A visit to Mont-St-Michel
On my trip to Paris in October ’06, I didn’t decide which day to go to Mont-Saint-Michel until I got to France. I decided to book my visit at the office of Paris Vision (214 rue de Rivoli; phone +33 1 42 60 30 01, fax +33 1 42 86 95 36 or visit www.parisvision.com).
The itinerary, at 155 (near $200), included a 7:15 a.m. departure, a multilingual guide, lunch on the Mont at one of the La Mère Poulard places, admission to the abbey, and the return to Paris by 8:30-9 p.m. We had heavy traffic on the way back and still made it back to the Paris Vision office by 8:45 p.m.
(The Cityrama [149, rue Saint Honoré, 75001 Paris, France; phone +33 [0] 1 44 55 61 00, fax 33 [0] 1 42 60 99 36 or visit www.cityrama.fr] tour offering was similar — a few euros more but also including a dinner stop in Caen and a return to Paris later, at about 10 p.m. I had my doubts in advance about the likely quality of the dinner, so that and the later hour of return made me decide in favor of Paris Vision.)
The ride each way was about four hours, including one bathroom stop. The bus did not have a toilet of its own. The guide did some narration during the outward-bound trip but not for the whole time. She spoke English and Spanish; she had a colleague with her who spoke Japanese. The narration was not in depth, and the English wasn’t entirely fluent, but it sufficed. I’d done a little reading on my own.
Mont-St-Michel is a UNESCO World Heritage Site, and among the many websites devoted to it is one mini-website, www.monum.fr.
La Mère Poulard started out as one restaurant at the Mont many years ago. It is now a Mont tourist industry of its own. “La Mere Poulard” is the name on half of the cafés and souvenir shops in town. The café specialty is a unique omelet, sort of an underdone soufflé.
When our bus group arrived, waiters scurried about to accommodate us, and other serving staff were doing the same for other arriving bus groups. The omelet was okay but not to my taste. The rest of the lunch was a French version of cafeteria food — not surprising, not terrible. That’s what you get when a meal is included in an excursion.
Before leaving the Mont, I had time for a treat of a Normandy sundae, made with apple ice cream and some warm Calvados poured on top. Quite yummy!
We had some rain on the ride out and a downpour on the way back, but for most of our time there we were lucky, with the sky ranging from partly sunny to mostly cloudy.
The abbey has the nickname of La Merveille (The Wonder), and it is of course remarkable for having been built at all, let alone splendidly and with great difficulty by people of faith, in such a challenging and lonely location.

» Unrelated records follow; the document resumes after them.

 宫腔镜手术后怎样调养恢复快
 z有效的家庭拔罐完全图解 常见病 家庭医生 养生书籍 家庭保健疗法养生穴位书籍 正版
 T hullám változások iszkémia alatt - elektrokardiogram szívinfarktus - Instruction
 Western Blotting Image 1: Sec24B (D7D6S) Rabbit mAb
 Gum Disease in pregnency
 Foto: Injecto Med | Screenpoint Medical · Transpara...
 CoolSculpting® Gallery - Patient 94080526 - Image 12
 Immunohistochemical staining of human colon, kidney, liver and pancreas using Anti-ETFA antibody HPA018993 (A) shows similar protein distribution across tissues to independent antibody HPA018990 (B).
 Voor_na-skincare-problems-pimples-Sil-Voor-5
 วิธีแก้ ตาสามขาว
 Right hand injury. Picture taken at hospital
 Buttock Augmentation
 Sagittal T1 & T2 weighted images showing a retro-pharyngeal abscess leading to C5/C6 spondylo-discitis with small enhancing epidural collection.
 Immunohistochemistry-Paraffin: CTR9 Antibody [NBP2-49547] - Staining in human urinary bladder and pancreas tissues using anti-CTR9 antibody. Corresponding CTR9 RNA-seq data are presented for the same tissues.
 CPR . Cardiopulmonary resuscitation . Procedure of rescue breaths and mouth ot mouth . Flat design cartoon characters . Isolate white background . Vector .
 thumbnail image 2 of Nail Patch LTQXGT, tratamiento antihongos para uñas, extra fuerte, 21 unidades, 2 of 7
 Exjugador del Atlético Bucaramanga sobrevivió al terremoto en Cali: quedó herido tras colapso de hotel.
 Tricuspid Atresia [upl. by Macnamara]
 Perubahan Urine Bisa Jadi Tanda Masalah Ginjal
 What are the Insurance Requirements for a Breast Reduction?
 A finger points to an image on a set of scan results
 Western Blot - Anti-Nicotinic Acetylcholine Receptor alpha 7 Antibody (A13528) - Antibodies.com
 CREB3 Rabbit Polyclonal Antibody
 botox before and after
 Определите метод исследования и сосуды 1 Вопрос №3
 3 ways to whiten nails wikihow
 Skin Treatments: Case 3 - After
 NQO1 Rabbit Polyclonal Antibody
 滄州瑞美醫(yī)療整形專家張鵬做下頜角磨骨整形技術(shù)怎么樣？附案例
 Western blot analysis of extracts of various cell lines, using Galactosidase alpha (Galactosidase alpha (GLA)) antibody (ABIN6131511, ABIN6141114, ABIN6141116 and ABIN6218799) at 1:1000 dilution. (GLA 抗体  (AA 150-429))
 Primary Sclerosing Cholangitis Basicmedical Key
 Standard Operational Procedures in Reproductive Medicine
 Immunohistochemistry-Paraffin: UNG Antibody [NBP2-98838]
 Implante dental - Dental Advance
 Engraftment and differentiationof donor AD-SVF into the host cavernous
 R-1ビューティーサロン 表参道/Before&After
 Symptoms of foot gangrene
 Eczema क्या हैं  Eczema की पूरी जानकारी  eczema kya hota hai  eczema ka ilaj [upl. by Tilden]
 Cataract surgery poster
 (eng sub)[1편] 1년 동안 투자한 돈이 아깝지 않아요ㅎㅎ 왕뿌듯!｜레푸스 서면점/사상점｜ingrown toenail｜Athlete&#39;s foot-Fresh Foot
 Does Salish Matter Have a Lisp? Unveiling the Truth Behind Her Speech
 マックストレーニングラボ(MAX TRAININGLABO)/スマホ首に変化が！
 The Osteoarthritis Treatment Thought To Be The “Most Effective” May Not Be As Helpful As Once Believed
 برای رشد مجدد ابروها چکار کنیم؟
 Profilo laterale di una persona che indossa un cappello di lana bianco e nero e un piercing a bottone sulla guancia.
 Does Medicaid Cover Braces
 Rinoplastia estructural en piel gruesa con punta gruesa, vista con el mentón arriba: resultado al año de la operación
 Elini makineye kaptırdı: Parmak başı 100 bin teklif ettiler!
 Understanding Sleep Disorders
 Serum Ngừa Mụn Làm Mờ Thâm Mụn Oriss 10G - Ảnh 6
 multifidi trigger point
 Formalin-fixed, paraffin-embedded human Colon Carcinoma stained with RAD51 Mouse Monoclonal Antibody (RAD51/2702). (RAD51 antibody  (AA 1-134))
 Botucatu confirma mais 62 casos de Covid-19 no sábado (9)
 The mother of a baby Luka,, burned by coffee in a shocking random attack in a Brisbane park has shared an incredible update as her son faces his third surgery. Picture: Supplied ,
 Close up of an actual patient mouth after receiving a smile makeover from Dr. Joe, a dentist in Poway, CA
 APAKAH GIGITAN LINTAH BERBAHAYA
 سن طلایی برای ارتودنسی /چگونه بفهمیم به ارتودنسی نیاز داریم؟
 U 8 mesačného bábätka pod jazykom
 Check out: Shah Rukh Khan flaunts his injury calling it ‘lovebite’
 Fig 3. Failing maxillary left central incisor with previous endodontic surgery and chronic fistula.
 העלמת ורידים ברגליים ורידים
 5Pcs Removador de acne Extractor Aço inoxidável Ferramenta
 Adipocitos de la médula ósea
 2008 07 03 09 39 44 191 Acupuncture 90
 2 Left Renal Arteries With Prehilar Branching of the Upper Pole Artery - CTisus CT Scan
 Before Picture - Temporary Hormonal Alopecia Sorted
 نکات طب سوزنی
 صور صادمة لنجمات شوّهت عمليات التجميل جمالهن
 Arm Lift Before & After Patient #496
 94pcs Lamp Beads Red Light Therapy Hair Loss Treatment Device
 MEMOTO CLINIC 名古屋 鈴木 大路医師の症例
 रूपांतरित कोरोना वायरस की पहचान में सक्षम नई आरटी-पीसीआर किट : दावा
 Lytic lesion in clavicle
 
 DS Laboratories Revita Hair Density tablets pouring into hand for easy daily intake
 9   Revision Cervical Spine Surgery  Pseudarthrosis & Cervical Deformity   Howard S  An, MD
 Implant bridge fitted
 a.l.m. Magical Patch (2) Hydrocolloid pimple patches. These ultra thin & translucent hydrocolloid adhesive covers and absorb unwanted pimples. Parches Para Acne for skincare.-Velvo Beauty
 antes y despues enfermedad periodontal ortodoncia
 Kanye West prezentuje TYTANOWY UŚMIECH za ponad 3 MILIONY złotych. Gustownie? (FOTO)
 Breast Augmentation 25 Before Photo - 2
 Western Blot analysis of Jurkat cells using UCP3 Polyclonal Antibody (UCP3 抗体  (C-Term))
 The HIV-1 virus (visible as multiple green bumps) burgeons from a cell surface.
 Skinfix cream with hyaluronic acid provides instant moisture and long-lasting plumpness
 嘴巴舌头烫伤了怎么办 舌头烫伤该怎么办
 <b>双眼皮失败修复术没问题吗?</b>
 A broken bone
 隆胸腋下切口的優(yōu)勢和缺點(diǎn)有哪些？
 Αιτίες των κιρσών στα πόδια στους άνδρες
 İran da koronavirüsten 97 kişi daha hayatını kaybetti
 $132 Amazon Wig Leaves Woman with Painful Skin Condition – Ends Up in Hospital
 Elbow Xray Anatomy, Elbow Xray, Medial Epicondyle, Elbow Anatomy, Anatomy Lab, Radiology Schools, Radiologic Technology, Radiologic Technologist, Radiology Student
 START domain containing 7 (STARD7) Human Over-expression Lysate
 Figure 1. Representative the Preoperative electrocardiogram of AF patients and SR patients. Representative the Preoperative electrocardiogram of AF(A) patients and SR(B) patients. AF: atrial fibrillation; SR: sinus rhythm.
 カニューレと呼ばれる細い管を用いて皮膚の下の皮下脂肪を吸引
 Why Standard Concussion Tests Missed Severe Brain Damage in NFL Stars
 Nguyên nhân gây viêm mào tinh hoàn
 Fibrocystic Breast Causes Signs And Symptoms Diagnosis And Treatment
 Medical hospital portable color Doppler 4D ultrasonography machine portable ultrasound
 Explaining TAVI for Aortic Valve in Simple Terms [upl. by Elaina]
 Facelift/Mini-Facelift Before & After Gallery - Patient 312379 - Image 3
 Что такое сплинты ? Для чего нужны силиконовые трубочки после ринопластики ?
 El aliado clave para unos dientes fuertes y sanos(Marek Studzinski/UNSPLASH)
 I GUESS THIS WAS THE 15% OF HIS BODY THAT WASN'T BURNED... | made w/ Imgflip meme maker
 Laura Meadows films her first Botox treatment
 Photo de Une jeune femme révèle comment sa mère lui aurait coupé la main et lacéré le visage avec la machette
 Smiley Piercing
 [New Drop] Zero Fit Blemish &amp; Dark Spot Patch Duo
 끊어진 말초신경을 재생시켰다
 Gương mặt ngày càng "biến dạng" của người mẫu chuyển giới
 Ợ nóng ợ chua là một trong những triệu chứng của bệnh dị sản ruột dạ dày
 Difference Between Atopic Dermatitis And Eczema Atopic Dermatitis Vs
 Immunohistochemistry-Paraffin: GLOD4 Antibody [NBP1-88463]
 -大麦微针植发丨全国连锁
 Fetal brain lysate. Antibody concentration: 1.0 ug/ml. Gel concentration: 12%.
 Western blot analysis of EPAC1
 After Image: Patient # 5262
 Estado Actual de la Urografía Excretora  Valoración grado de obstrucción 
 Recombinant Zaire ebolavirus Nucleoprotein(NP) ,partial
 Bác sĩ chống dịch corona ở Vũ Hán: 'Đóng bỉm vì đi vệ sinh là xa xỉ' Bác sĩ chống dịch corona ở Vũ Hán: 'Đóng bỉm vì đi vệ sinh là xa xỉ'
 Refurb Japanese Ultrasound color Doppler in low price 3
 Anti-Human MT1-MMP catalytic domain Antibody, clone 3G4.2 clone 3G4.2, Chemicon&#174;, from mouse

At times in its history, it was also used as a prison.
Note that in order to visit the abbey it is necessary to climb up hundreds of steep stone steps. There are a few landings but no resting places along the way plus very few handrails. This climb was as many steps as I’ve ever climbed in one place in my life, and I’ve climbed plenty of steps in my travels. Visitors younger than I were huffing and puffing as we neared the top. This is not an easy visit to make, and there are no accommodations made for infirmity nor even for safety.
There are rest rooms just inside the town entrance and, of course, in the restaurants.
I am very, very glad that I went, but I wasn’t terribly moved by being there. I had a similar reaction when I went to Stonehenge: I can appreciate with my brain how remarkable the accomplishment was, but it didn’t arouse an emotional response in me.
By no means should anyone take that to mean that I think it’s not worth visiting or that it is in any way second-rate.
I have also read that the Mont is best appreciated at night. Staying overnight gives one the opportunity to see it without a lot of other tourists, and to see the tide come in.